Among the collection of writings attributed to Julius Caesar are his descriptions of the siege of Alexandria, the "Gallic Wars" and the "Commentaries on the Civil War".
These archives contain information on different campaigns: the Wars of Alexandria, Africa and Spain. Each of them recount Caesar's military activity from 58 BCE to 45 BCE.
Though Caesar's documents remain a main source of information, it's important to note that the perspective is limited. It is necessary for other historical documents to be taken into consideration to provide a better understanding of events.
The siege of Alexandria closely relays the events of the Civil War that lead up to the event, and describes how Caesar was besieged in the palace of the Ptolemies.
other ancient authors have left equally valuable, and sometimes contradictory, information.
In the events leading up to the siege of Alexandria, Cleopatra VII and her brother were fighting over control of Egypt.

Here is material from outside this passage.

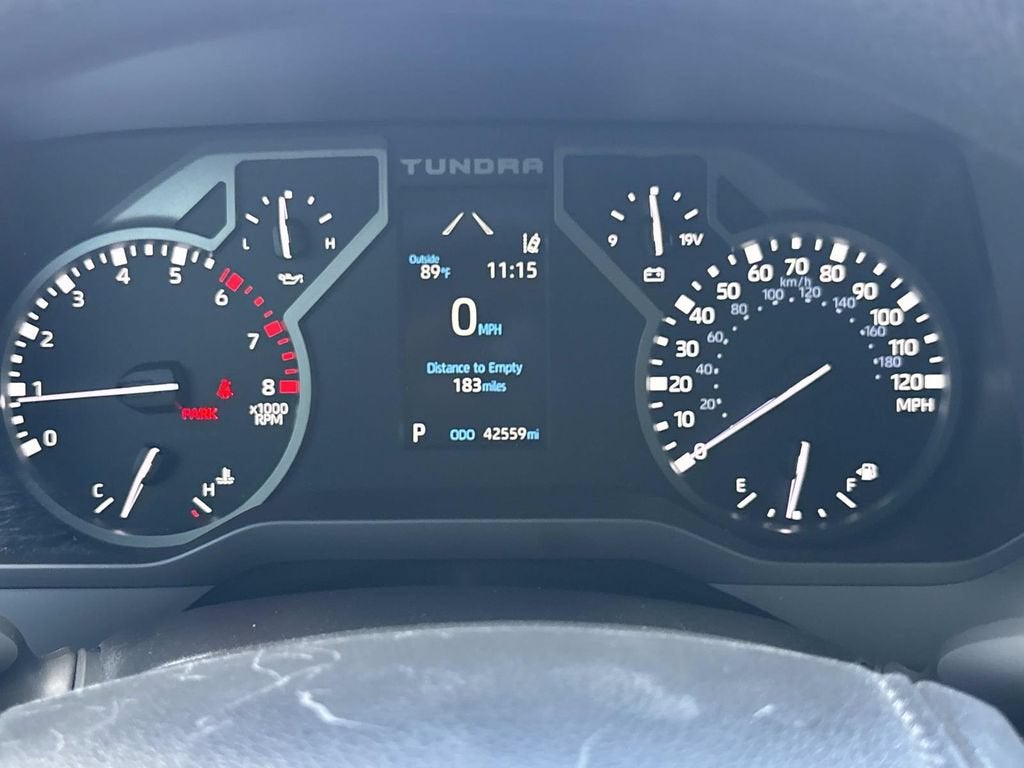 2025 Toyota Tundra 4WD SR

Young king Ptolemy XIII's regent, Potheinos had firm control over the young pharaoh, and an oumaneuvered Cleopatra soon went into hiding.
This set the stage for Pompey's arrival in Alexandria. Having lost his battle against Caesar in 48 BCE, the Roman general turned to his allies the Egyptians for safe harbor.
But, on the advice of Potheinos, Ptolemy XIII had Pompey assassinated in the hopes of earning Caesar's favor.
Upon his arrival in Alexandria, Caesar was presented with Pompey's head. The sight of a Roman murdered by Egyptians did not sit well with him.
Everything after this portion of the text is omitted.